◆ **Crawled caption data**
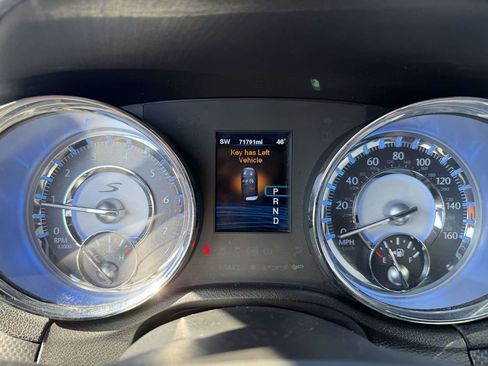 Used 2012 Chrysler 300 S image 29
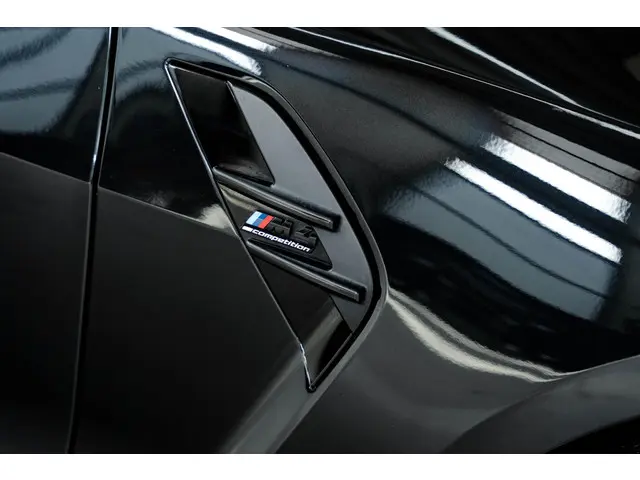 BMW M4 Cabrio xDrive Competition 2022 Benzine 22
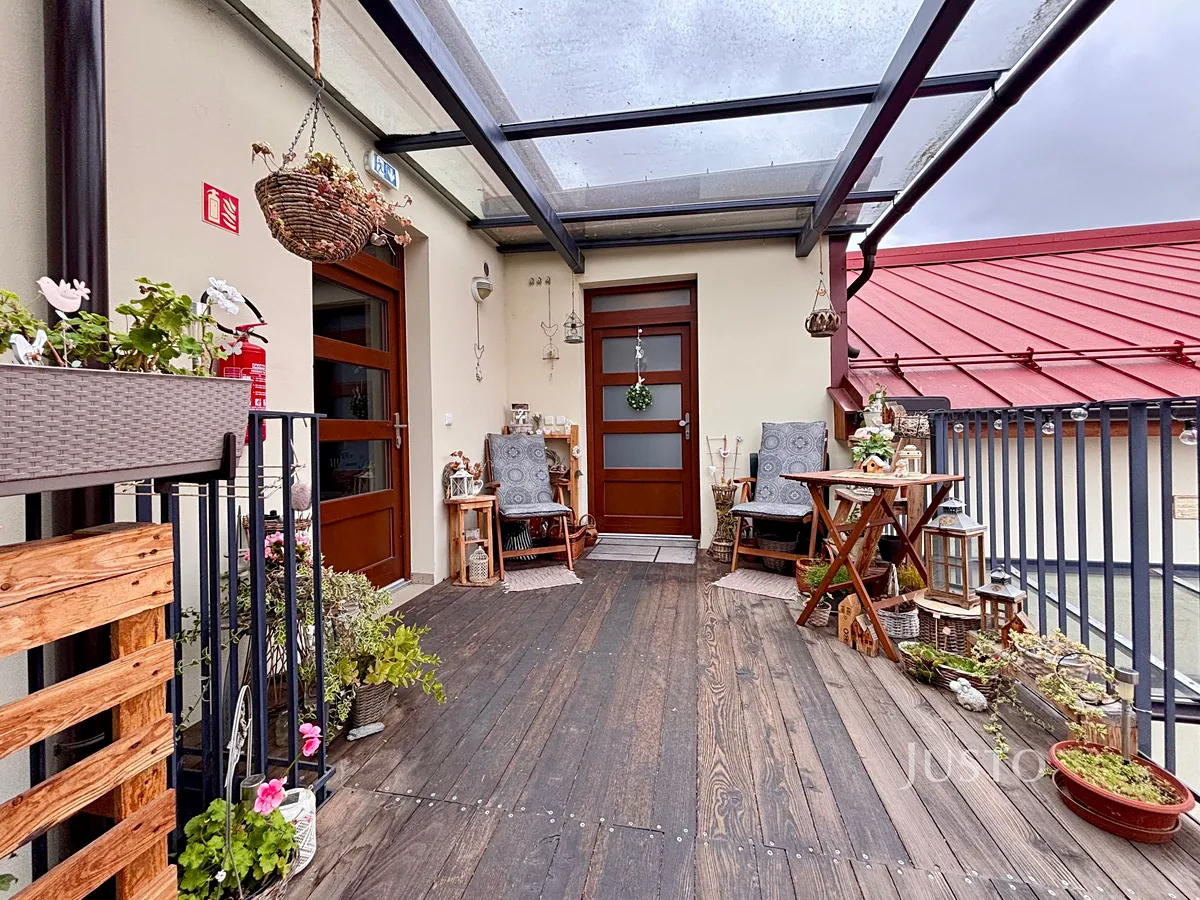 Pronájem bytu 2+kk 77 m²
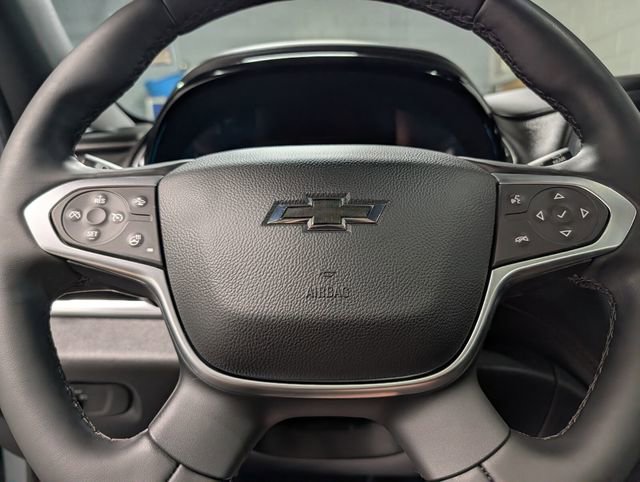 Used 2023 Chevrolet Traverse RS AWD/4WD image 23
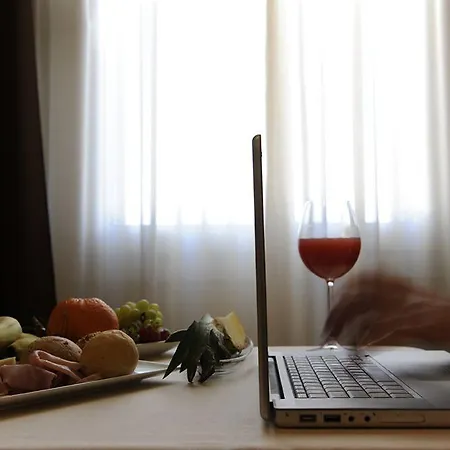 维多利亚酒店 4* 鲁巴诺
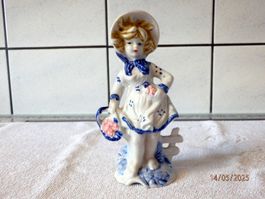 Porzellan Mädchen mit Blumenkorb, Kobaltblau, viktorianisch
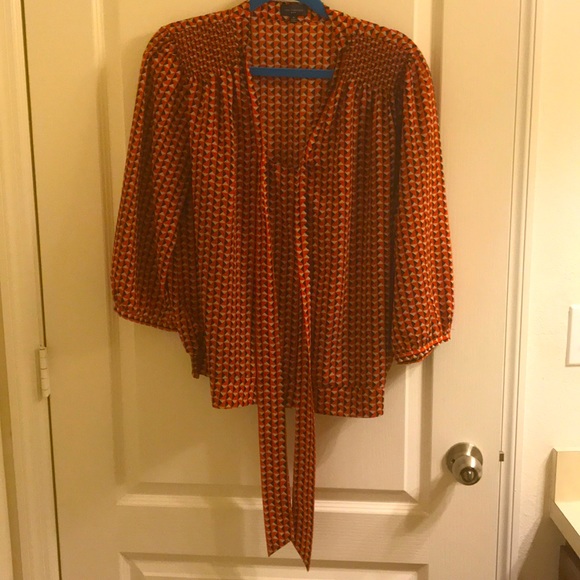 Orange and back blouse - Picture 3 of 3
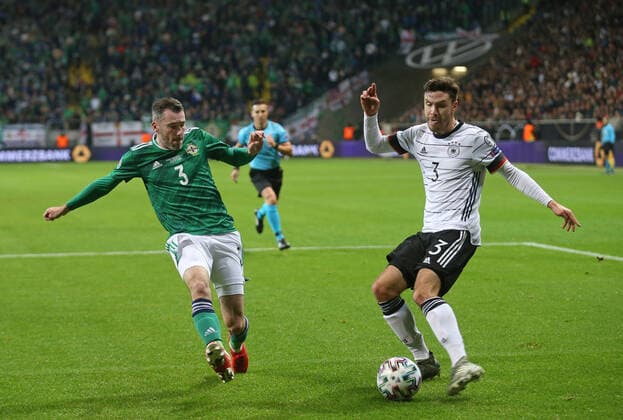 19.11.2019, Fussball, Europa, EM-Qualifikation, 10. Spieltag, Saison 2018 2019, Herren, deutsche Nationalmannschaft, Deutschland, DFB - Nordirland 6-1, v.l. Aktion, Zweikampf, Spielszene, action, Smith Michael, Nordirland, Jonas Hector, Deutschland,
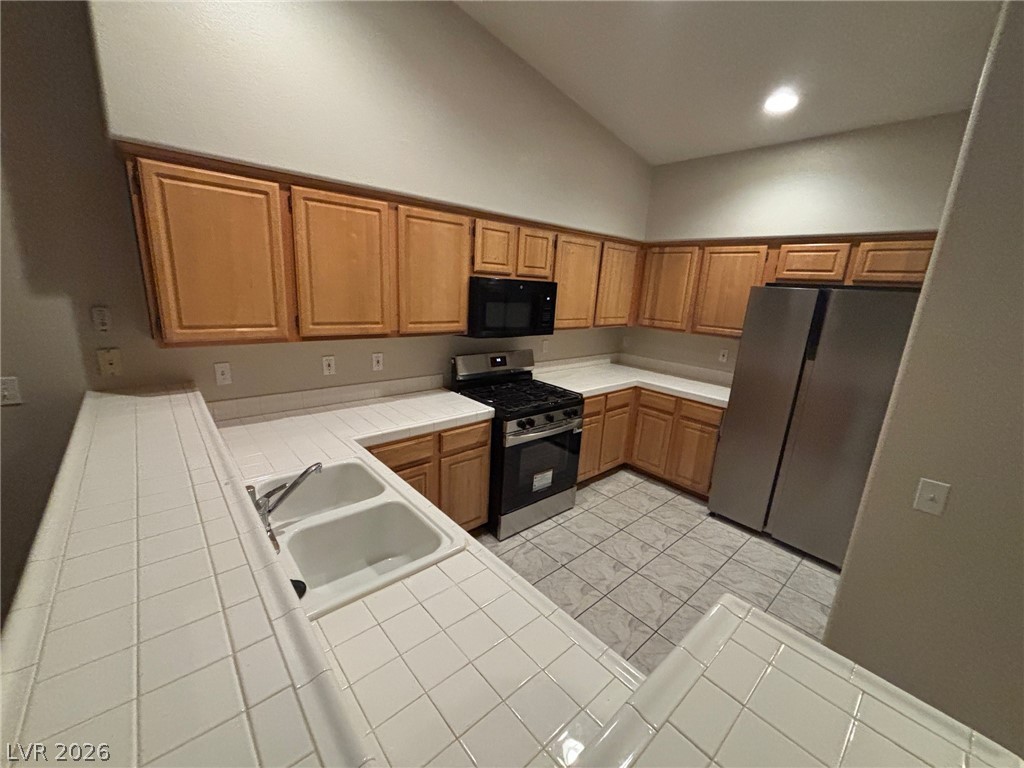 4970 Black Bear Road, Unit 202 Las Vegas, NV 89149 - Photo 4 of 35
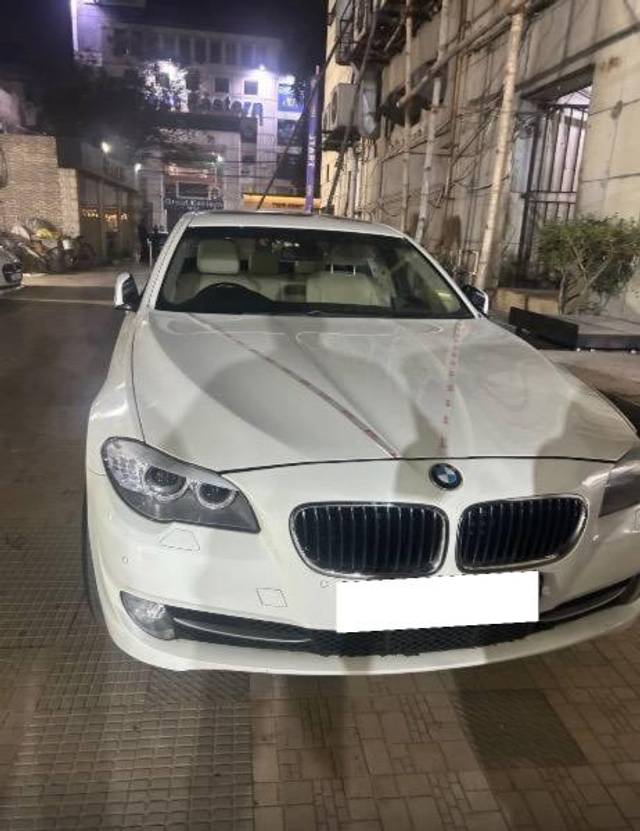 https://images10.gaadi.com/usedcar_image/4607183/original/processed_323d798a-8a88-4b8b-b298-7be8014a3172.jpeg?imwidth=6400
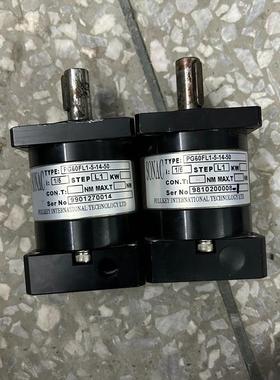 拆机2个SONAC品牌60行星减速机1比5装400瓦200(请询价)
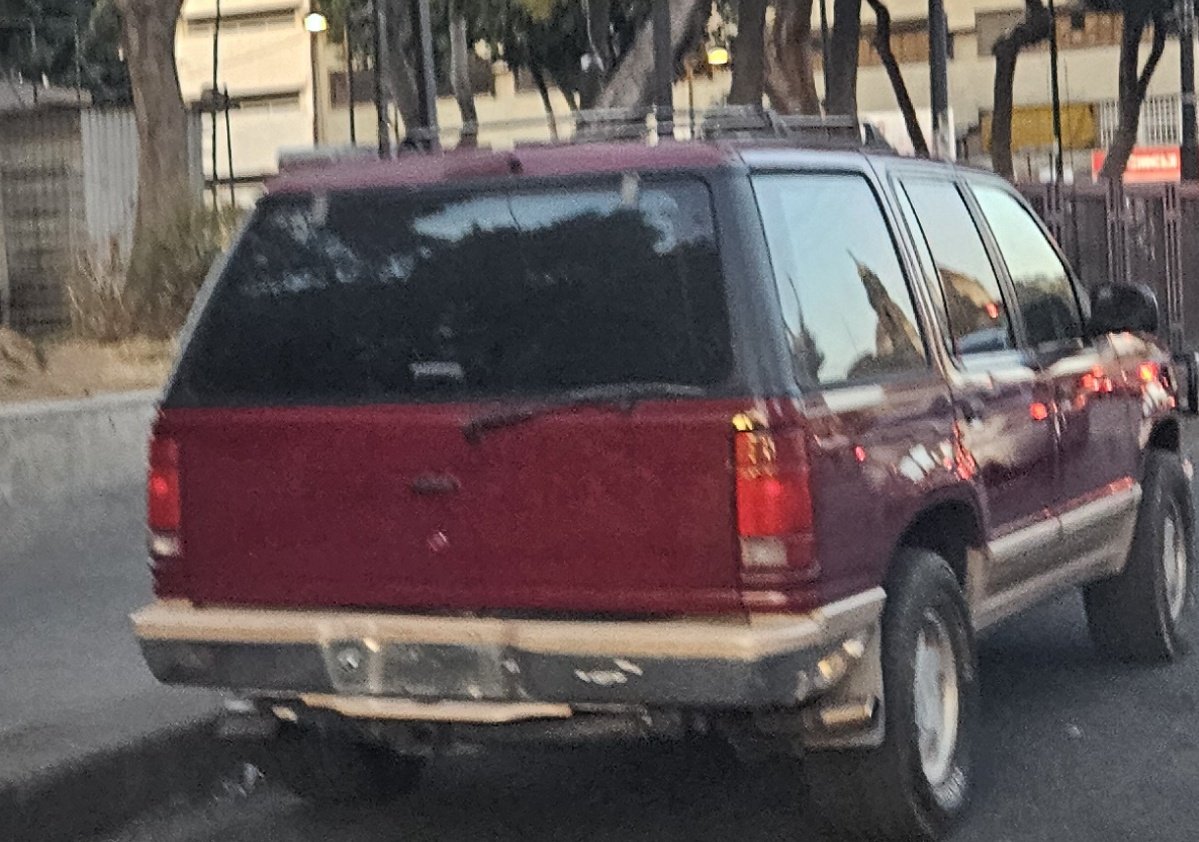 luisbdominguez's tweet photo. @SSPCMexico esta camioneta sin placas todas las malañanas esta estacionada en izazaga casi esquina pinosuarez, bloquea el carril para dar vuelta a la izquierda y los oficiales no hacen nada ...@LaSEMOVI como la dejan circular ?? https://t.co/biBtdIcWJ7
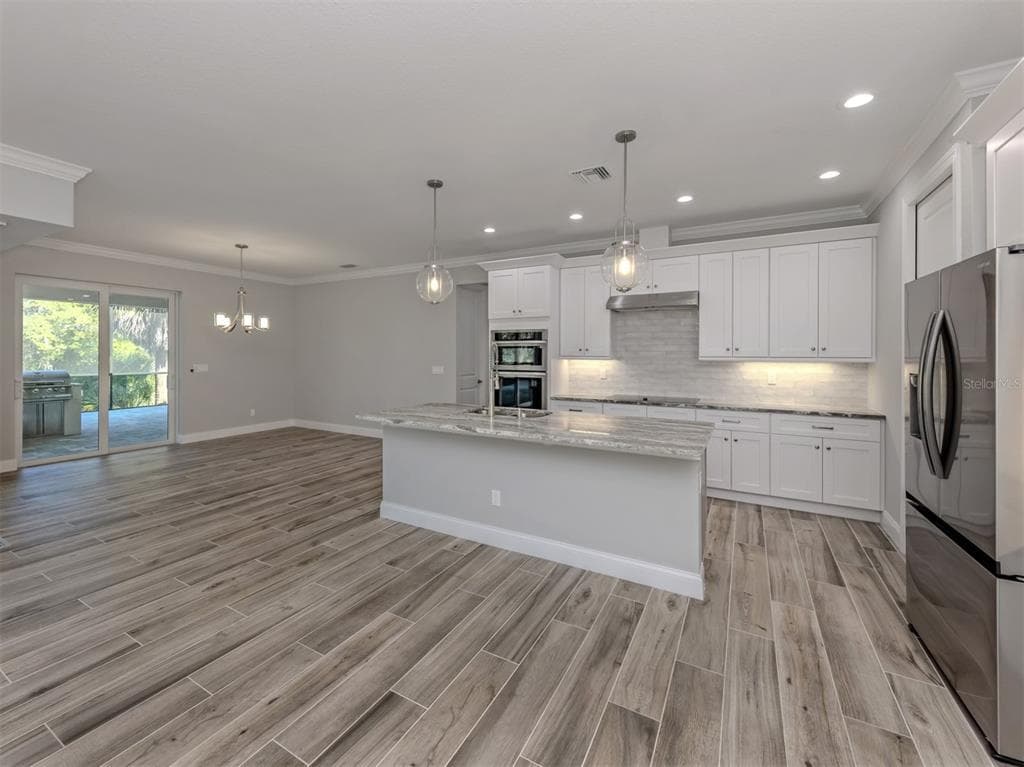 3423 KNOX TERRACE photo 5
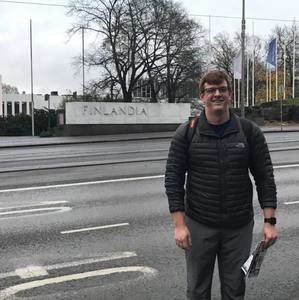 Meet your Posher, Benton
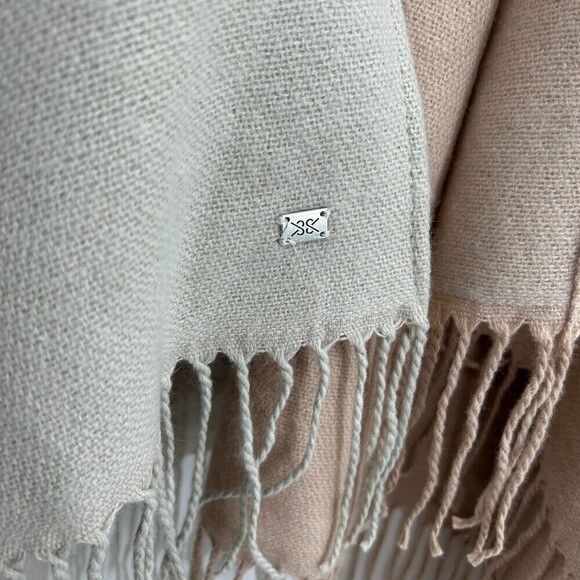 SOIA & KYO Nude Neutral Colorblock Super Soft Poncho Fringe Cardigan One Size - Picture 7 of 8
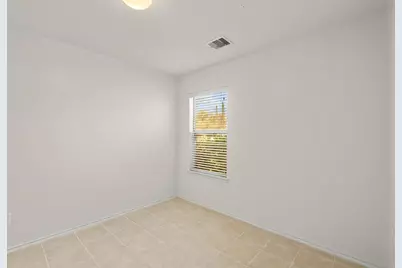 12207 Windsor Bay Court, Tomball, TX 77375 - Photo 14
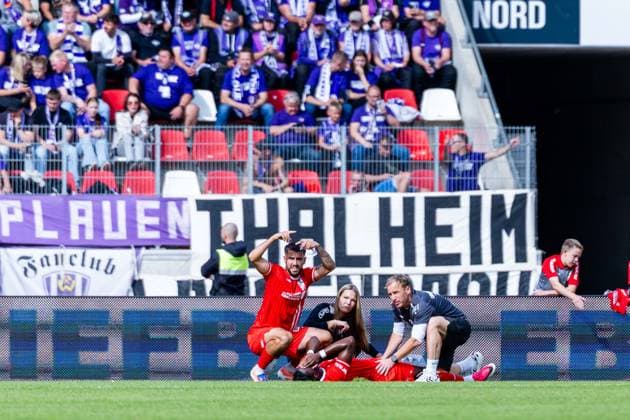 19.09.2026, GER, Fussball, Maenner, Saison 26 27, Regionalliga Nordost, 10.Spieltag, FC Rot-Weiss Erfurt - FC Erzgebirge Aue Maxime Aglago Awoudja (FC Rot-Weiss Erfurt) muss verletzt vom Platz ausgewechselt werden 99096 Erfurt Steigerwaldstadion Rasenplatz Thueringen Deutschland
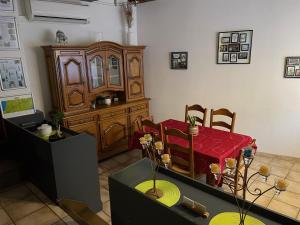 una sala da pranzo con tavolo e mobile in legno di Chez Tifille a Estaing
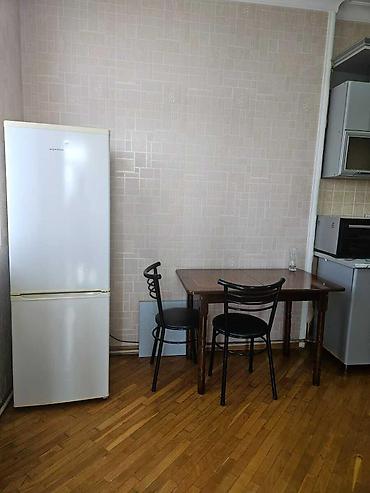 sarayda ev: 2 otaqlı, Yeni tikili, m. 8 Noyabr, 95 kv. m — 6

◆ **Task details**
All of the entries above should be copied exactly, with the images left out.

◆ **Problem solution**
 Used 2012 Chrysler 300 S image 29
 BMW M4 Cabrio xDrive Competition 2022 Benzine 22
 Pronájem bytu 2+kk 77 m²
 Used 2023 Chevrolet Traverse RS AWD/4WD image 23
 维多利亚酒店 4* 鲁巴诺
 Porzellan Mädchen mit Blumenkorb, Kobaltblau, viktorianisch
 Orange and back blouse - Picture 3 of 3
 19.11.2019, Fussball, Europa, EM-Qualifikation, 10. Spieltag, Saison 2018 2019, Herren, deutsche Nationalmannschaft, Deutschland, DFB - Nordirland 6-1, v.l. Aktion, Zweikampf, Spielszene, action, Smith Michael, Nordirland, Jonas Hector, Deutschland,
 4970 Black Bear Road, Unit 202 Las Vegas, NV 89149 - Photo 4 of 35
 https://images10.gaadi.com/usedcar_image/4607183/original/processed_323d798a-8a88-4b8b-b298-7be8014a3172.jpeg?imwidth=6400
 拆机2个SONAC品牌60行星减速机1比5装400瓦200(请询价)
 luisbdominguez's tweet photo. @SSPCMexico esta camioneta sin placas todas las malañanas esta estacionada en izazaga casi esquina pinosuarez, bloquea el carril para dar vuelta a la izquierda y los oficiales no hacen nada ...@LaSEMOVI como la dejan circular ?? https://t.co/biBtdIcWJ7
 3423 KNOX TERRACE photo 5
 Meet your Posher, Benton
 SOIA & KYO Nude Neutral Colorblock Super Soft Poncho Fringe Cardigan One Size - Picture 7 of 8
 12207 Windsor Bay Court, Tomball, TX 77375 - Photo 14
 19.09.2026, GER, Fussball, Maenner, Saison 26 27, Regionalliga Nordost, 10.Spieltag, FC Rot-Weiss Erfurt - FC Erzgebirge Aue Maxime Aglago Awoudja (FC Rot-Weiss Erfurt) muss verletzt vom Platz ausgewechselt werden 99096 Erfurt Steigerwaldstadion Rasenplatz Thueringen Deutschland
 una sala da pranzo con tavolo e mobile in legno di Chez Tifille a Estaing
 sarayda ev: 2 otaqlı, Yeni tikili, m. 8 Noyabr, 95 kv. m — 6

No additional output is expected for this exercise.